FDA’s Seventh Annual Report to Congress on 505(q) Citizen Petitions: A Lot of the Same Old Same Old
September 29, 2015By Kurt R. Karst –
FDA recently released the Agency’s Seventh Annual Report to Congress, required by FDC Act § 505(q)(3), on FDA’s experience during Fiscal Year 2014 (“FY 2014”) with citizen petitions subject to FDC Act § 505(q). Other than some updated numbers fo FY 2014, the report largely repeats both FDA’s concerns about petitioning expressed in previous reports (see our previous posts here, here, here, here, here, and here) and the trends the Agency has been seeing in petitioning. In particular, FDA notes:
- FDA continues to receive serial 505(q) petitions, frequently from the same petitioner, about the same specific drug or class of drugs, sometimes requiring several separate responses about different issues regarding the same product. Responding to such serial petitions requires the use of substantial FDA resources, on a repeated basis, over a protracted period of time.

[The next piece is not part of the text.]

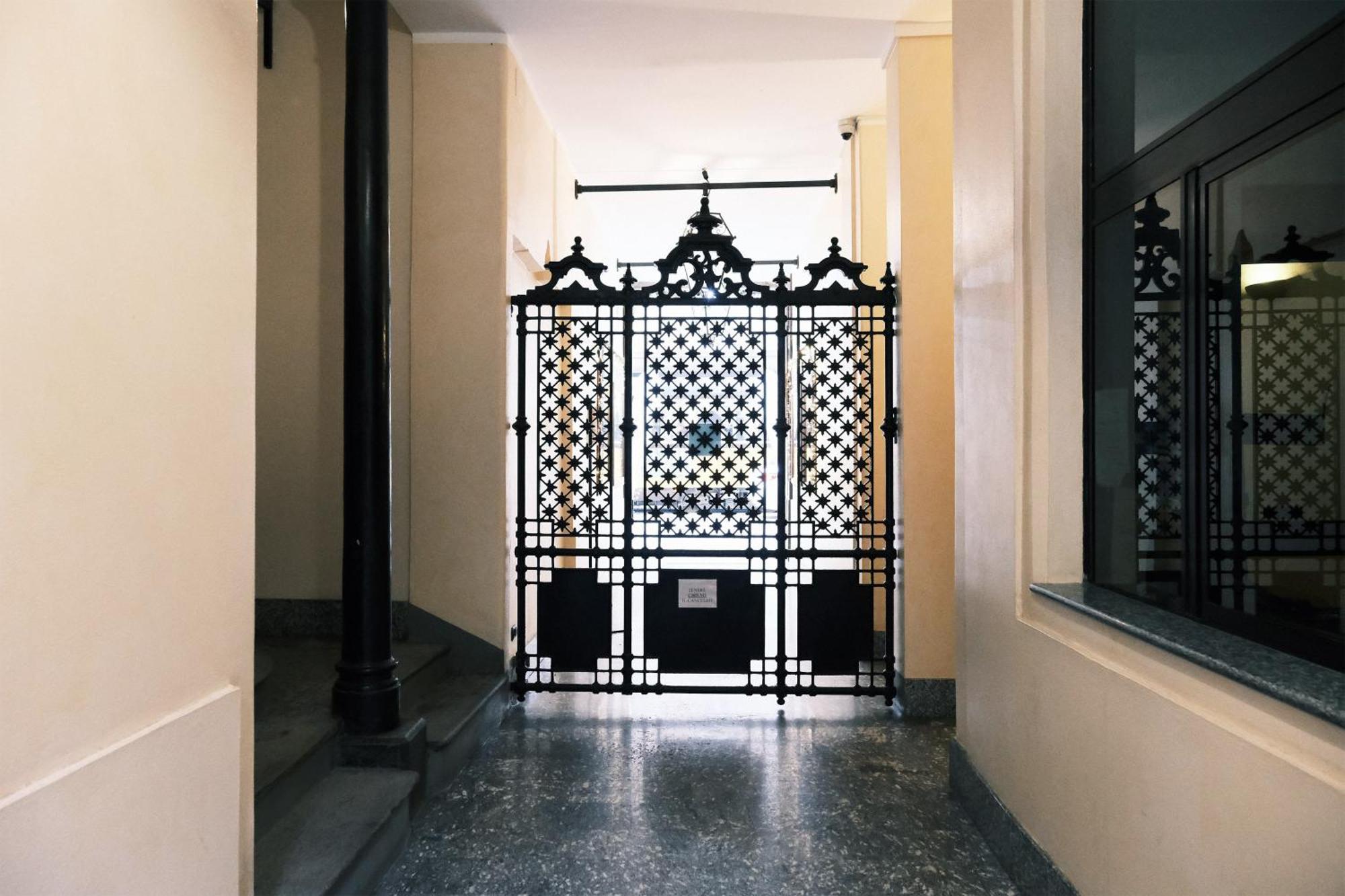Comecasa 10 Minutes Walk From Duomo 2 Bedroom Apartment มิลาน ภายนอก รูปภาพ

- The enactment of FDASIA has increased the strain on Agency resources by significantly shortening the time frame for responding to 505(q) petitions by 30 days. The shortened timeframe affords FDA even less time to evaluate the issues raised in the petitions and to provide a response that articulates the scientific and legal reasoning supporting the Agency’s decision. As a result, FDA has needed to direct resources away from other important initiatives to attempt to comply with the new shorter deadline.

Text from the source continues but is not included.